COLLECTED MATERIAL |
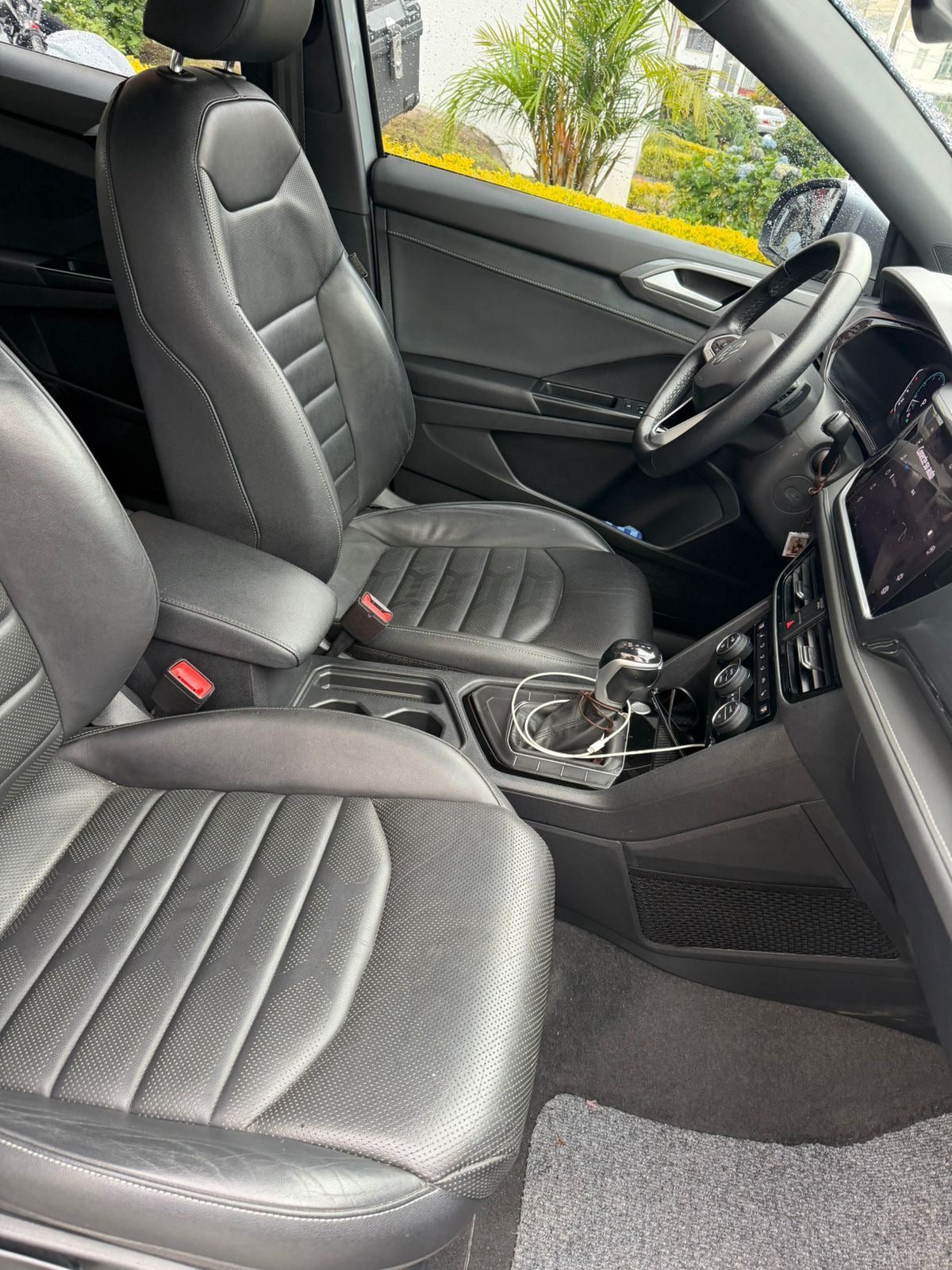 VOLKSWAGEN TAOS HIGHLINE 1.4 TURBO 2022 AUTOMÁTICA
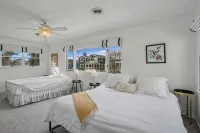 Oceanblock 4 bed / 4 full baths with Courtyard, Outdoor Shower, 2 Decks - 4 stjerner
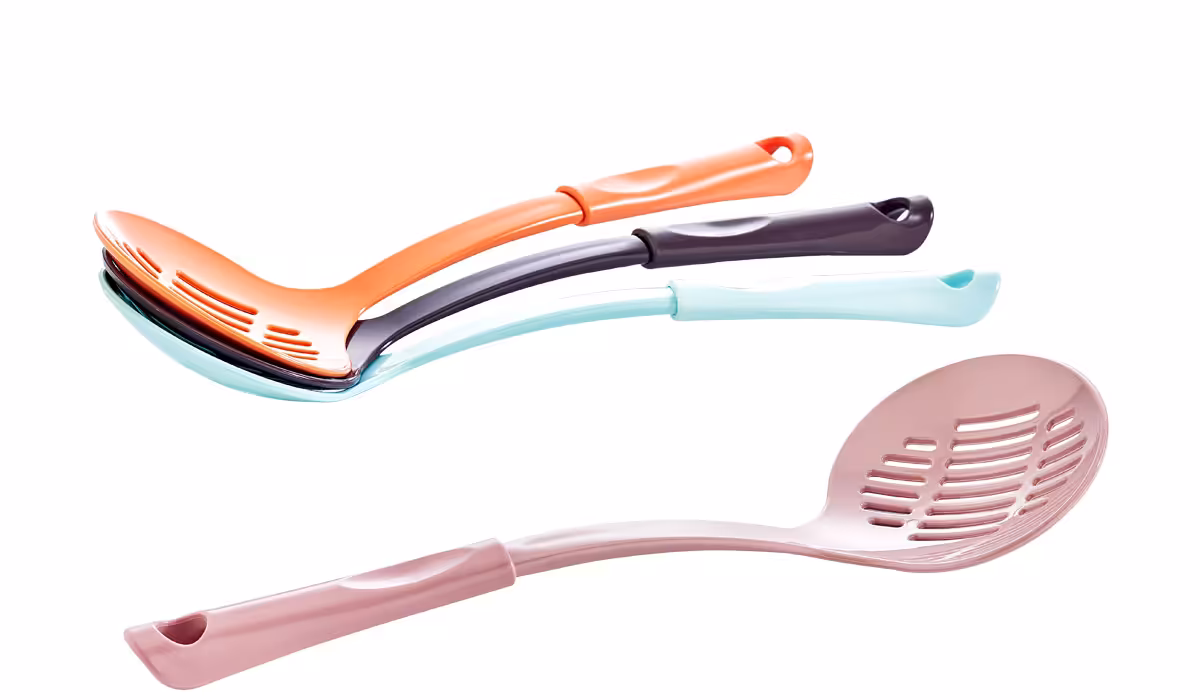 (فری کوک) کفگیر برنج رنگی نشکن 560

PROBLEM REQUIREMENTS | Line by line, restate the data above exactly as it stands, minus the pictures.

RESULT BELOW |
 VOLKSWAGEN TAOS HIGHLINE 1.4 TURBO 2022 AUTOMÁTICA
 Oceanblock 4 bed / 4 full baths with Courtyard, Outdoor Shower, 2 Decks - 4 stjerner
 (فری کوک) کفگیر برنج رنگی نشکن 560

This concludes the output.